Gotta eat big to get big, look at what SuperLift accomplished. That's dedication.


----------



## ihateschoolmt (May 13, 2011)

Nice superlift, I am the exact same way. I bet I would loose weight at 3500 calories a day too. Taking in 5500 to 6500 currently. I'm trying to get about the same size you are man, I'm a little over half way there myself, and I started about the same as you at 6'1 148. Us naturally skinny guys got to EAT.


----------



## feinburgrl (May 13, 2011)

This is me now.


----------



## ihateschoolmt (May 13, 2011)

Why does everything violate image shacks terms of agreement lol.


----------



## Chubby (May 14, 2011)

feinburgrl said:


> *I don't know how long I should bulk up. What's a good time span for bulking?*


Until you reach your goal.


----------



## x~factor (May 14, 2011)

This is 11% bodyfat?


----------



## feinburgrl (May 14, 2011)

x~factor said:


> This is 11% bodyfat?



when I did the fold test at my gym it came to 11.5% skin fold.


----------



## Hubauer (May 14, 2011)

chobby192 said:


> Until you reach your goal.



It seems as if none of your posts contribute anything. I'm going out on a limb, but I assume he is looking for a better answer or he wouldn't have started a thread. How did are your reps even positive again??


----------



## Hubauer (May 14, 2011)

Oh yeah, and I was going to say there is never really a definite good time length for bulking. As a friend once described it to me, you should bulk until feel uncomfortable with the fat gain.
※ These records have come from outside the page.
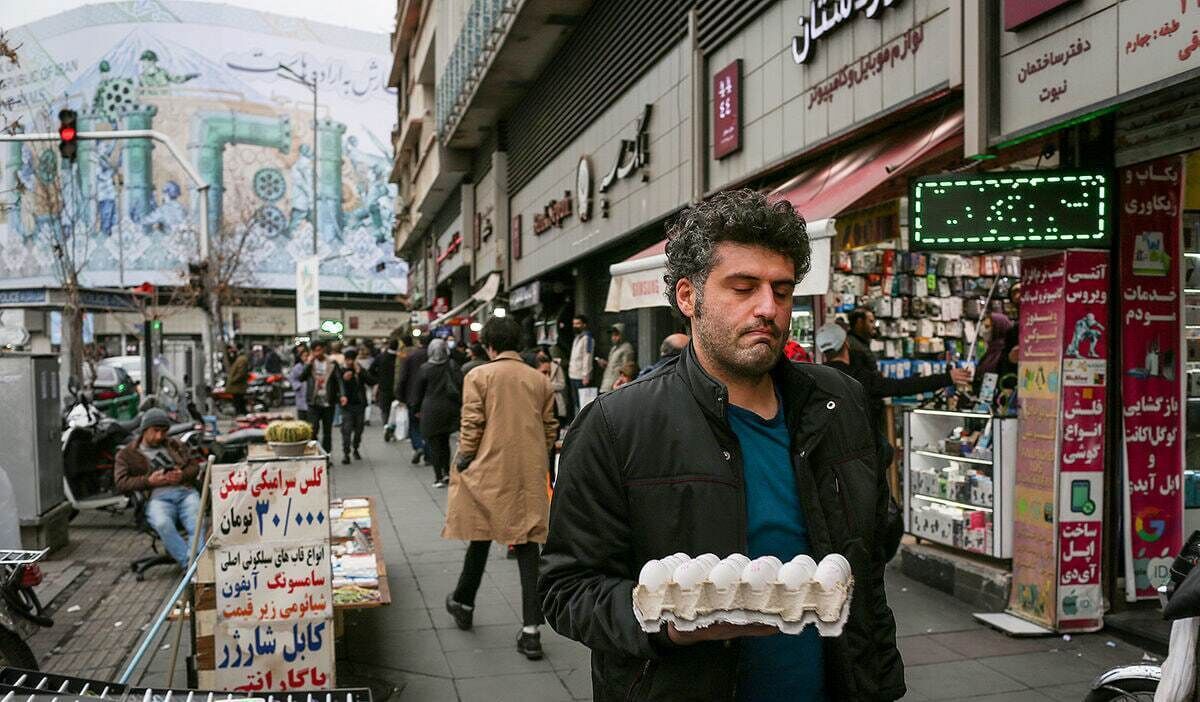 سقوط آزاد قدرت خرید ایرانیان/ حداقل دستمزد چند دلار شد؟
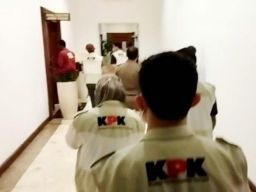 Indo Publika: Dana Hibah Itu Ada di Eksekutif Bukan Legislatif, KPK Wajib Periksa Khofifah!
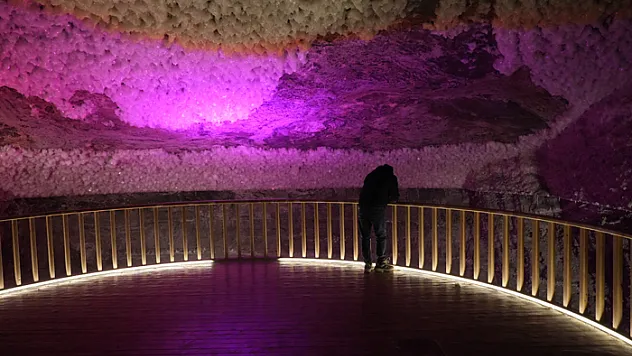 Tuz Mağaraları misafirlerini ağırlıyor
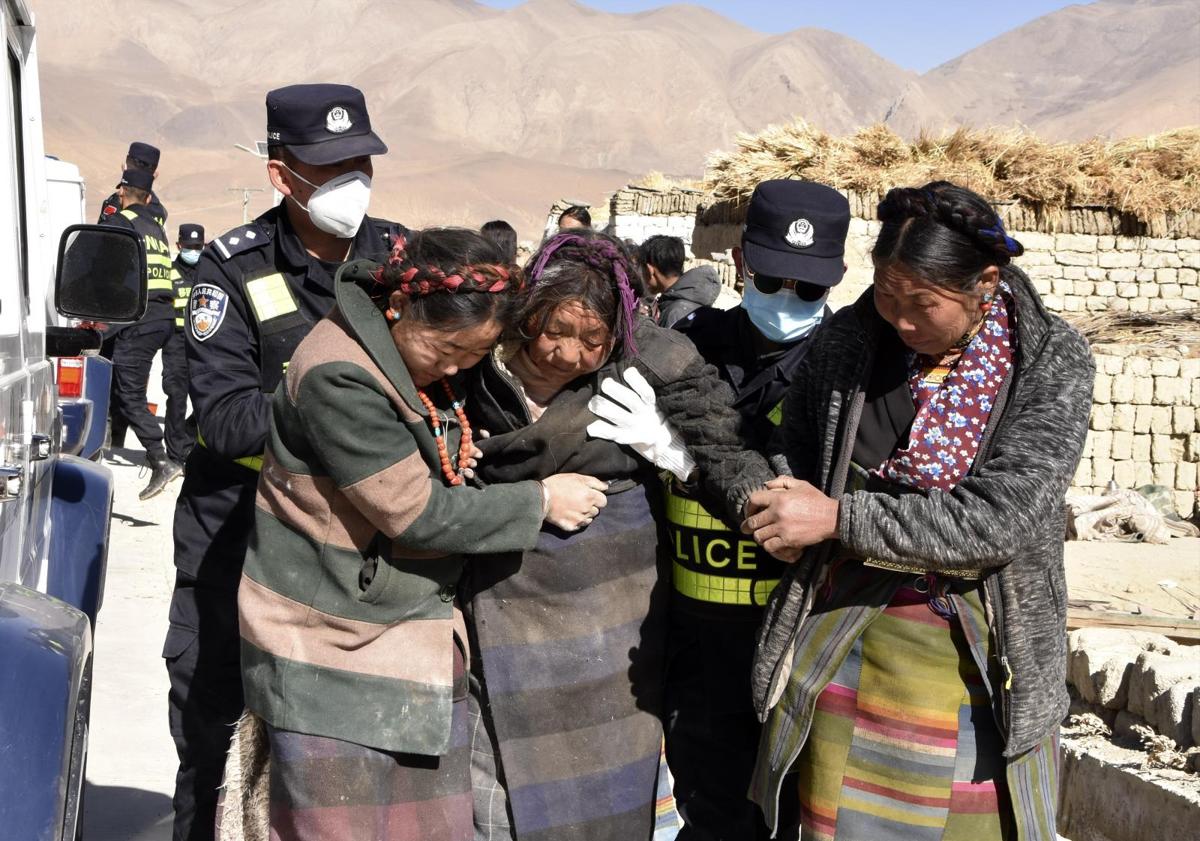 Imagen principal - Al menos 95 muertos tras un terremoto de magnitud 6,8 en Tíbet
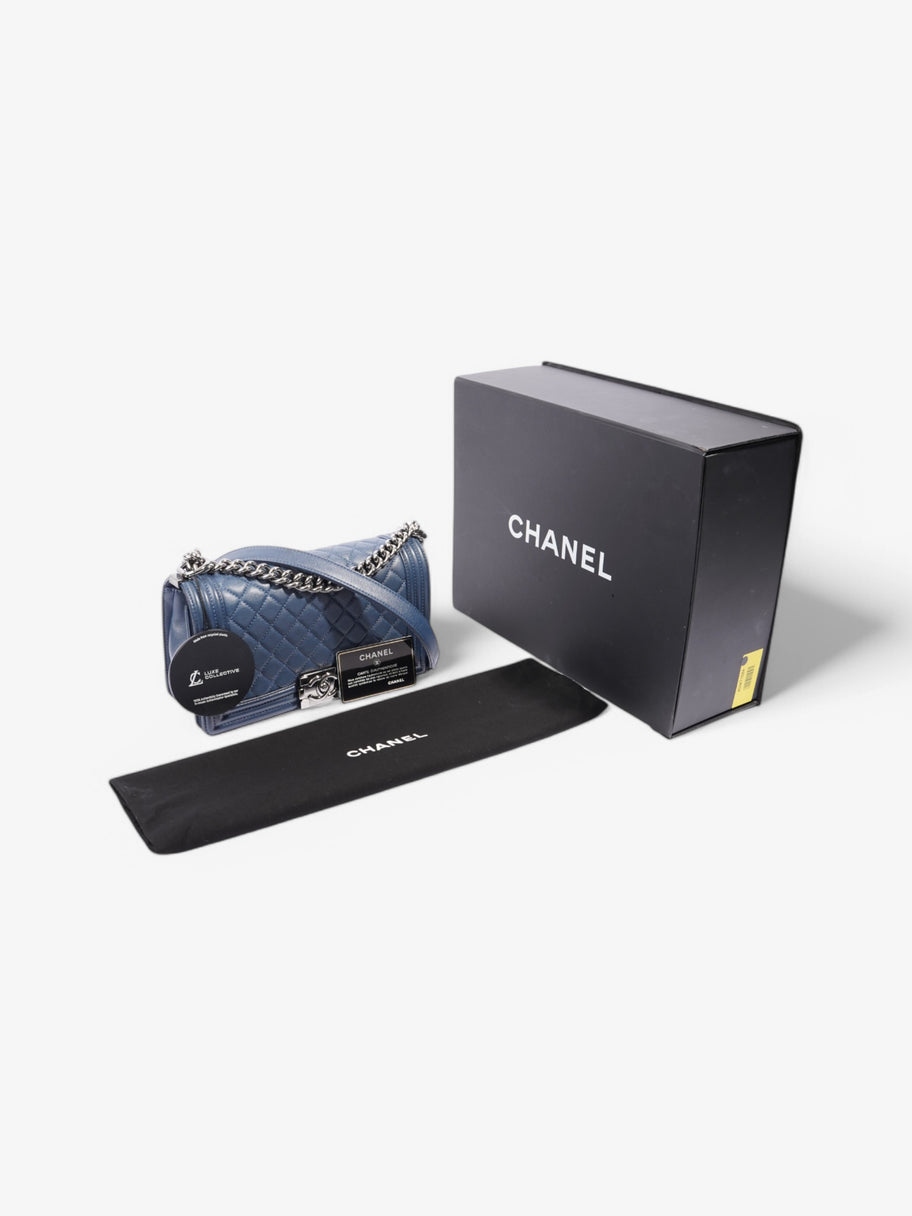 Chanel Boy Bag Blue Calfskin Leather Medium Image 10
I didn't really gain until I started eating about 3500cal per day.... you just have to accept that you will gain a small amount of fat. Just try to minimize it by making small, progressive calorie increases and eat really clean. Another thing I did to gain was cut down on my workout volume. Might want to give it a try


----------



## Anabolic5150 (May 14, 2011)

Hubauer said:


> Oh yeah, and I was going to say there is never really a definite good time length for bulking. *As a friend once described it to me, you should bulk until feel uncomfortable with the fat gain.*
> 
> I didn't really gain until I started eating about 3500cal per day.... you just have to accept that you will gain a small amount of fat. Just try to minimize it by making small, progressive calorie increases and eat really clean. Another thing I did to gain was cut down on my workout volume. Might want to give it a try


 
The bolded part is how I gauge when to slow or stop a hard bulk. Great info.


----------



## Chubby (May 14, 2011)

Hubauer said:


> It seems as if none of your posts contribute anything. I'm going out on a limb, but I assume he is looking for a better answer or he wouldn't have started a thread. How did are your reps even positive again??
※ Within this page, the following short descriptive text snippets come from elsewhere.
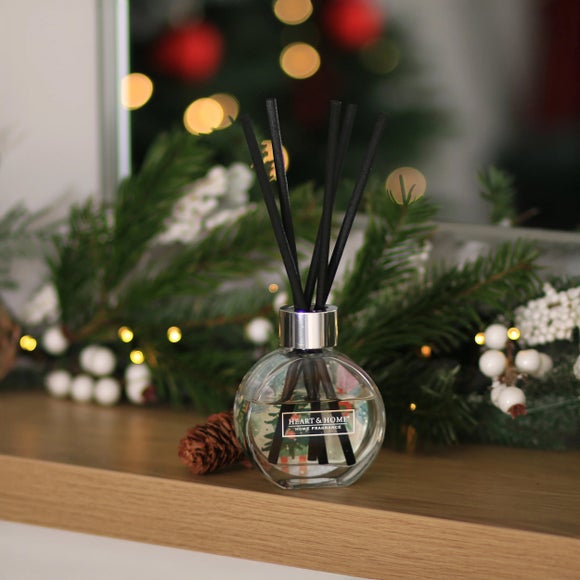 Photo 1 of Heart & Home Christmas Tree Diffuser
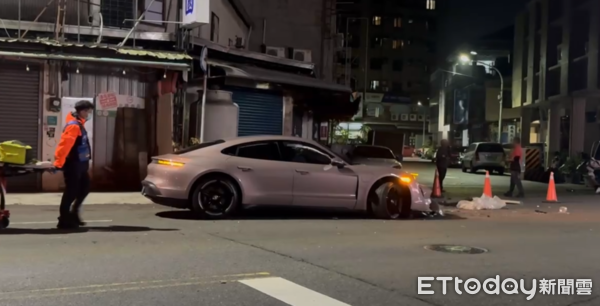 ▲1部保時捷轎跑車在台南新營新進路失控連環衝撞，造成多輛汽機車被毀損，另有1名貨車駕駛受傷送醫。（民眾提供，下同）
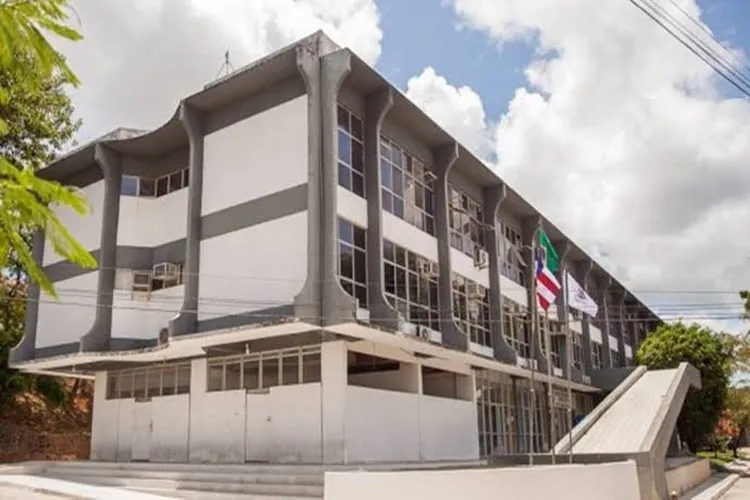 MP recomenda anulação de licitação para tecnologia na educação em Simões Filho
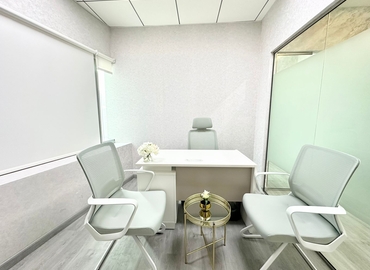 Office Iris Bay  Dubai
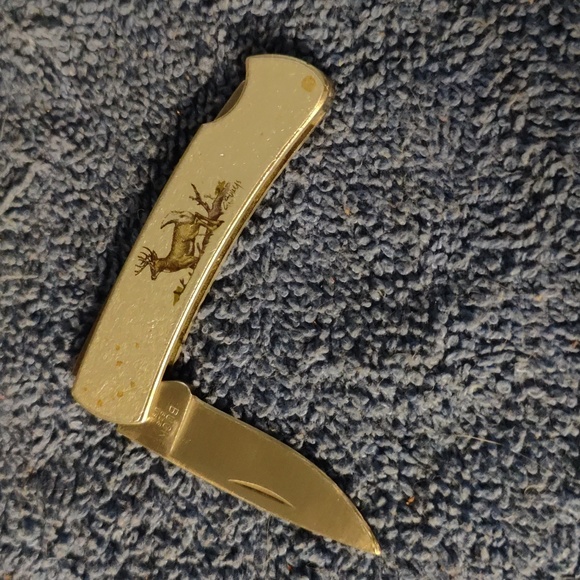 Buck 525 USA Knife - Picture 1 of 6
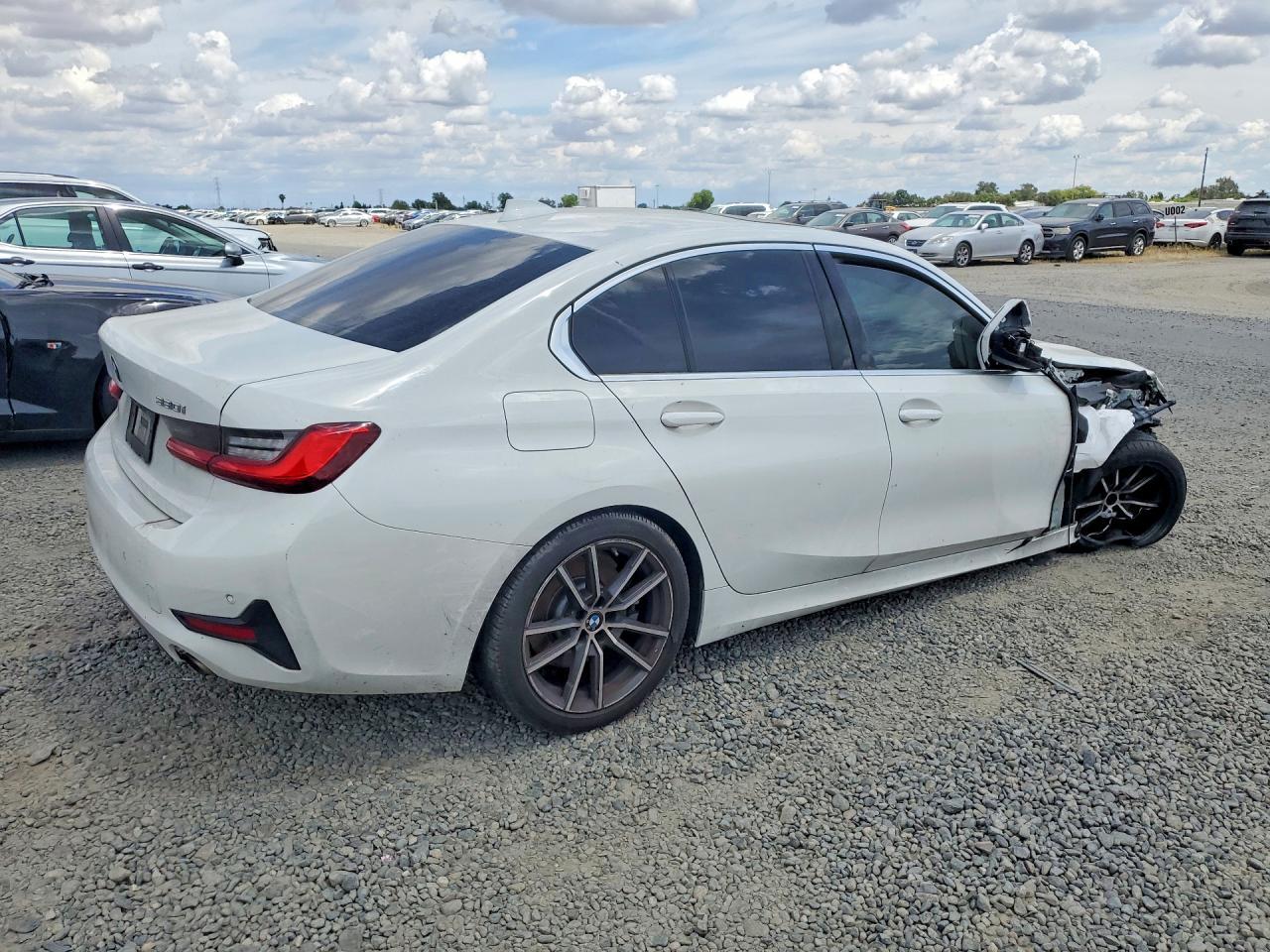 2020 BMW 330I - zdjęcie 3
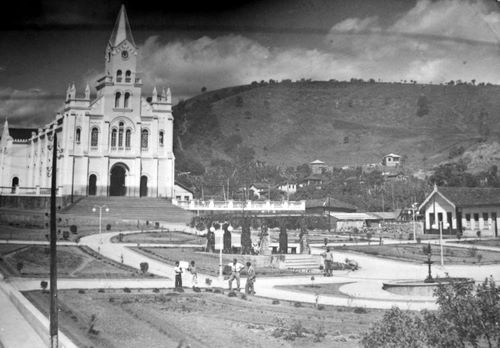 BIBLIOTECA MUNICIPAL DE MANHUAÇU/MG FOTOS HISTÓRICAS DO MUNICÍPIO DE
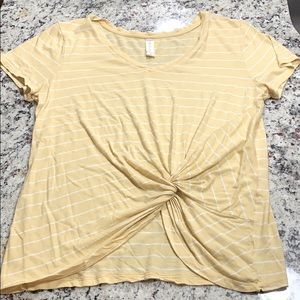 Altar’d State VNeck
He asked one very specific question. I noticed most of members gave him many details but didn't respond to his specific question. So I gave him the answer he was looking for without confusing him so many details. It is my understanding that when people bulk up they have already goal in their mind. Whatever his goal is he has to keep bulking until he reaches his goal. If you don't think I deserve positive rep, you are welcome to give neg. rep. After all it is just a rep.


----------



## njc (May 15, 2011)

chobby192 said:


> he asked one very specific question. I noticed most of members gave him many details but didn't respond to his specific question. So i gave him the answer he was looking for without confusing him so many details. It is my understanding that when people bulk up they have already goal in their mind. Whatever his goal is he has to keep bulking until he reaches his goal. If you don't think i deserve positive rep, you are welcome to give neg. Rep. After all it is just a rep.:d


 

x2


----------